I've read through the issues and found this issue talking about enhancements to how --with-registry-auth works to allow it to use refresh tokens or the like. https://github.com/docker/docker/issues/24940

I choose to create a new ticket as https://github.com/docker/docker/issues/24940 appears to be more geared towards solving dockerhub and less about ECR. I also opened this at https://github.com/docker/docker/issues/30713, but it was requested that I reopen the issue here.

I've also looked at several posts on the docker for aws forums. The one that pin points the problem with no real solution is this:

https://forums.docker.com/t/possible-to-use-aws-ecr-for-image-registry/22295/3

Considering this is a Docker for AWS and you have developed Docker AWS containers to run on the EC2 instances specific to AWS, why can't we just include the ECR ReadOnly Policy to the ProxyRole created during cloud formation to have access to ECR without having to worry about authentication at all?

I have attempted to add the Policy (AmazonEC2ContainerRegistryReadOnly) to the created ProxyRole used by the InstanceProfile for all Docker Nodes in the cloud formation, however this has zero effect. The result from a service ps is as follows:

$ docker-swarm service ps 3sgzt87ip19t
ID            NAME                   IMAGE                                                                            NODE                           DESIRED STATE  CURRENT STATE            ERROR                             PORTS
x6l8jtn9hnw0  esports_wallets.1      ###.dkr.ecr.us-east-1.amazonaws.com/path/to/image:tag  ip-172-31-20-65.ec2.internal   Ready          Rejected 2 seconds ago   "No such image: ###.d…"

However if I remove the service and create it after typing $(aws ecr get-login --region us-east-1) it works fine, finds the image and runs. However then it's back to 12 hours later I'm likely in the state referenced in the forum link above or in issue #24940.

We've been using ECS for over a year and the behavior of making sure the Instance profile role has the AmazonEC2ContainerRegistryReadOnly policy is all that's needed.

I dug a little down in the dockers deployed on an EC2 instance, cool stuff there how the SSH is actually a docker as well as the metadata service. My assumption is we're not trying to assume the instance policy role during a registry fetch.

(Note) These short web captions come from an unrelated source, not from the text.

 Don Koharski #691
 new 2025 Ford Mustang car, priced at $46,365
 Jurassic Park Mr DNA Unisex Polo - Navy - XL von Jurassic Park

Or I could be talking out my butt there.

I've even gone as far as modifying the cloud formation template to include the ECR policies at creation time, but made no difference.

Steps to reproduce the behavior

Use AWS Console to apply AmazonEC2ContainerRegistryReadOnly policy to cloud formation generated ProxyRole used by InstancePolicy of Docker For AWS
Create service or stack with an image referenced in ECR
service ps or container inspect to see that image is not found aka authentication wasn't present.

Output of docker version:

Docker version 1.13.0, build 49bf474

Output of docker info:

Containers: 4 Running: 4 Paused: 0 Stopped: 0 Images: 6 Server Version: 1.13.0 Storage Driver: overlay2 Backing Filesystem: extfs Supports d_type: true Native Overlay Diff: true Logging Driver: awslogs Cgroup Driver: cgroupfs Plugins: Volume: local Network: bridge host ipvlan macvlan null overlay Swarm: active NodeID: 6kup6o2m8rmgrydrj9k3p1089 Is Manager: true ClusterID: sgq7930ifiv21xlc94jci3tsd Managers: 1 Nodes: 4 Orchestration: Task History Retention Limit: 5 Raft: Snapshot Interval: 10000 Number of Old Snapshots to Retain: 0 Heartbeat Tick: 1 Election Tick: 3 Dispatcher: Heartbeat Period: 5 seconds CA Configuration: Expiry Duration: 3 months Node Address: 172.31.40.242 Manager Addresses: 172.31.40.242:2377 Runtimes: runc Default Runtime: runc Init Binary: docker-init containerd version: 03e5862ec0d8d3b3f750e19fca3ee367e13c090e runc version: 2f7393a47307a16f8cee44a37b262e8b81021e3e init version: 949e6fa Security Options: seccomp Profile: default Kernel Version: 4.9.4-moby Operating System: Alpine Linux v3.5 OSType: linux Architecture: x86_64 CPUs: 2 Total Memory: 7.785 GiB Name: ip-172-31-40-242.ec2.internal ID: REJ6:Q2GX:RYQD:KC3A:2ZK2:5JZJ:PT42:BT6B:64TN:XQED:WKBH:H7PC Docker Root Dir: /var/lib/docker Debug Mode (client): false Debug Mode (server): true File Descriptors: 77 Goroutines: 190 System Time: 2017-02-03T14:48:08.410775982Z EventsListeners: 0 Registry: https://index.docker.io/v1/ Experimental: true Insecure Registries: 127.0.0.0/8 Live Restore Enabled: false

Additional environment details (AWS, VirtualBox, physical, etc.):

AWS / Docker for AWS 1 manager and 3 workers

Feb 06 '17 13:02 ambrons

@ambrons so to sum up the issue it looks like there are 2 problems.

Need the IAM permissions to get the ecr tokens (http://docs.aws.amazon.com/AmazonECR/latest/userguide/ecr_managed_policies.html#AmazonEC2ContainerRegistryReadOnly)
The ecr tokens expire every 12 hours, so we need a way to update these tokens before they expire.

Did I miss anything?

Feb 06 '17 20:02 kencochrane

@kencochrane

Sorry for my long winded report I could see how it could be a little confusing.

The primary concern is your number one. I'm not familiar with the internals of how you are handling EC2 Instance Profiles => AWS Roles, so perhaps it is to get the ecr tokens however in my AWS experience the EC2 instance InstanceProfile would be assigned a Role which attached policies. The EC2 instance can assume the role for the purpose of obtaining access to AWS resources.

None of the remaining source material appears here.